**RECORDS SUPPLIED:**
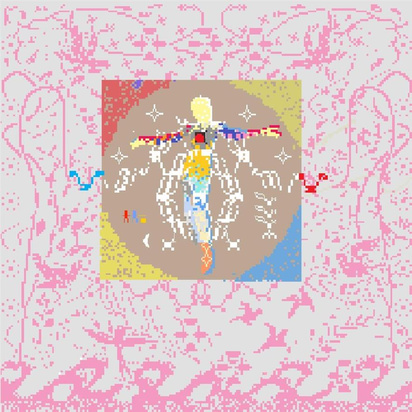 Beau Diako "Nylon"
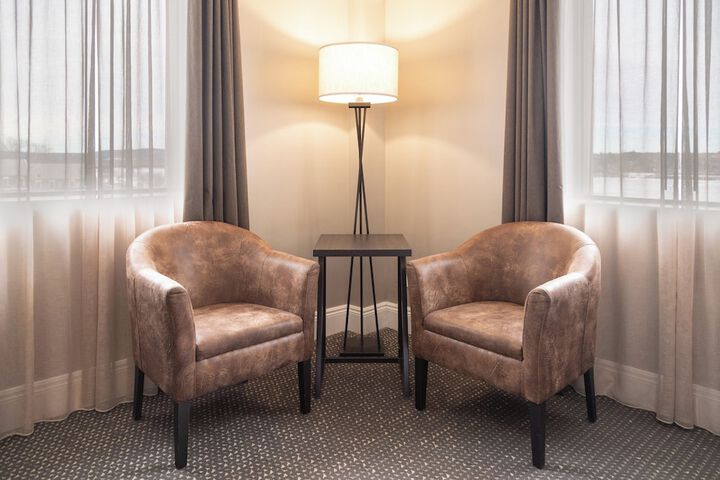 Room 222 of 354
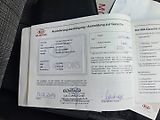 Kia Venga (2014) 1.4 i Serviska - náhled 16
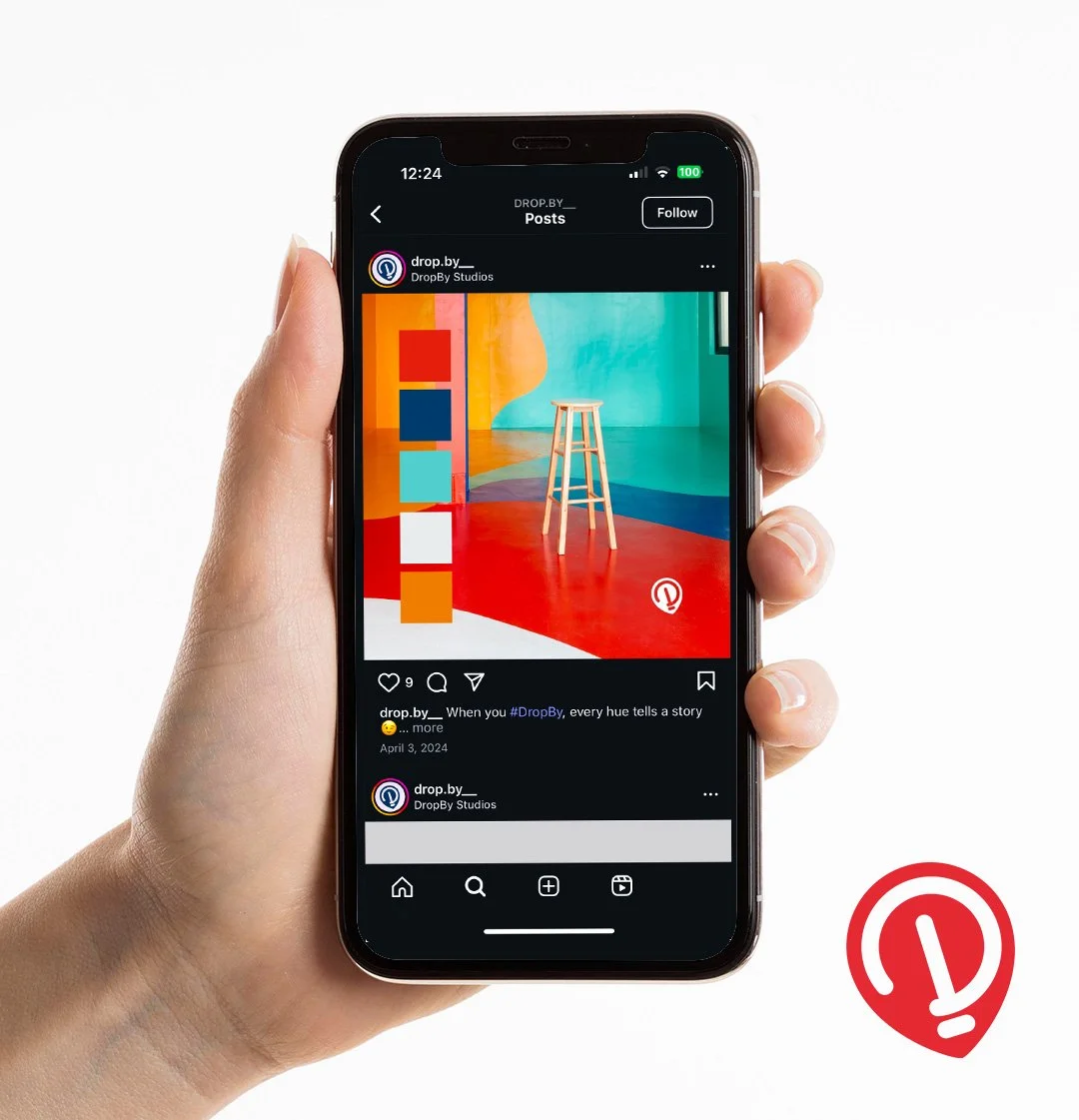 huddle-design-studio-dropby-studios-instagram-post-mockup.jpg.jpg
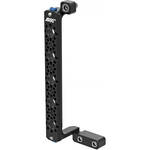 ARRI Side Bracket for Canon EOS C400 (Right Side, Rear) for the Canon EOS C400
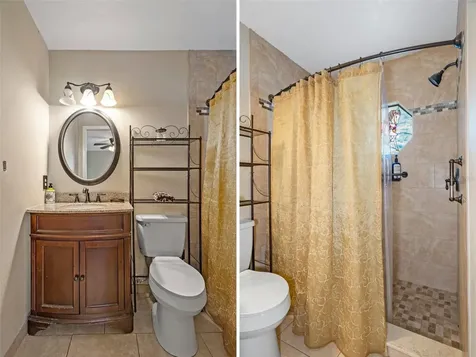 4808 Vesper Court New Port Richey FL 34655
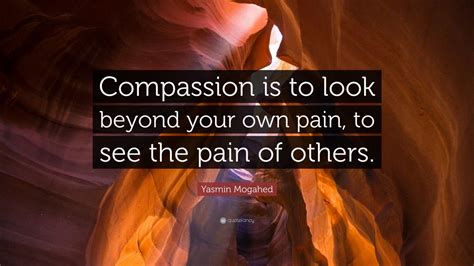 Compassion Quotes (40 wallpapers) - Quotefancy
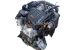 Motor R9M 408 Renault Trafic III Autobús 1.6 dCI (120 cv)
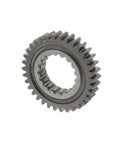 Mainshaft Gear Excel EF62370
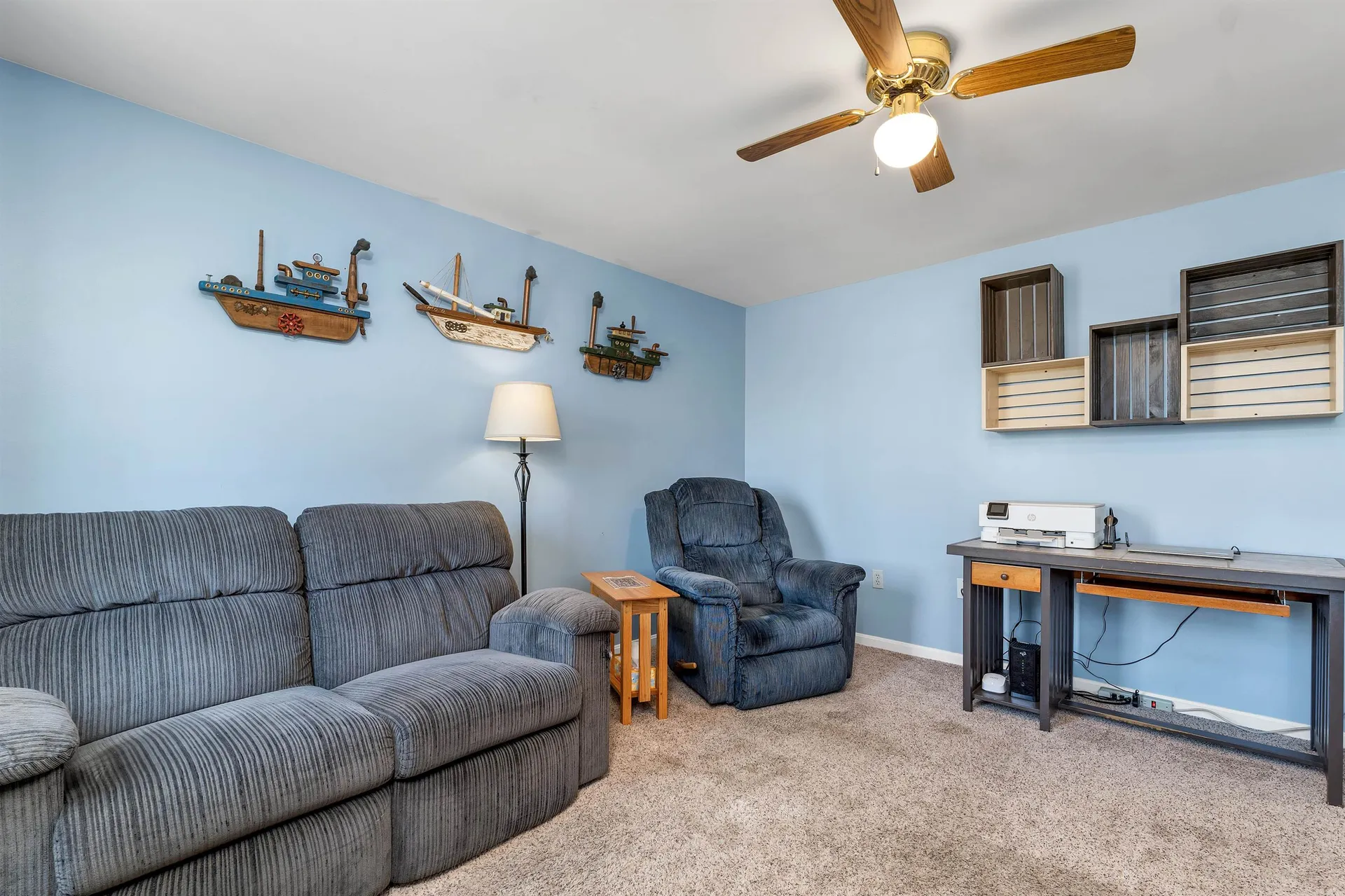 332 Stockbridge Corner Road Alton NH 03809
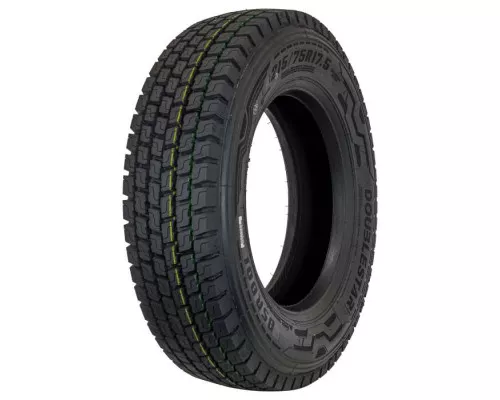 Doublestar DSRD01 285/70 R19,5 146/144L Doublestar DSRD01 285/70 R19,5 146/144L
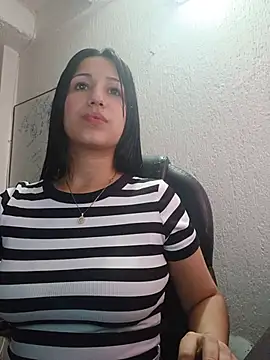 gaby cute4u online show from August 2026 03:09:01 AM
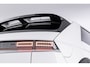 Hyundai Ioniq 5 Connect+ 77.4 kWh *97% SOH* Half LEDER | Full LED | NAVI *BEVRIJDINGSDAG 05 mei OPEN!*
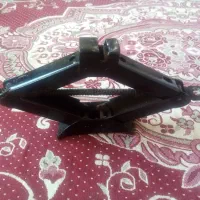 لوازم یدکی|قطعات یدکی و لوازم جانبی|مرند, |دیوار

**WORK TO BE COMPLETED:** Please reproduce verbatim the lines from the line with "ARRI Side Bracket" through the final line of the listing, inclusive of both ends. Omit all pictures.

**SOLUTION TO THIS TASK:**
 ARRI Side Bracket for Canon EOS C400 (Right Side, Rear) for the Canon EOS C400
 4808 Vesper Court New Port Richey FL 34655
 Compassion Quotes (40 wallpapers) - Quotefancy
 Motor R9M 408 Renault Trafic III Autobús 1.6 dCI (120 cv)
 Mainshaft Gear Excel EF62370
 332 Stockbridge Corner Road Alton NH 03809
 Doublestar DSRD01 285/70 R19,5 146/144L Doublestar DSRD01 285/70 R19,5 146/144L
 gaby cute4u online show from August 2026 03:09:01 AM
 Hyundai Ioniq 5 Connect+ 77.4 kWh *97% SOH* Half LEDER | Full LED | NAVI *BEVRIJDINGSDAG 05 mei OPEN!*
 لوازم یدکی|قطعات یدکی و لوازم جانبی|مرند, |دیوار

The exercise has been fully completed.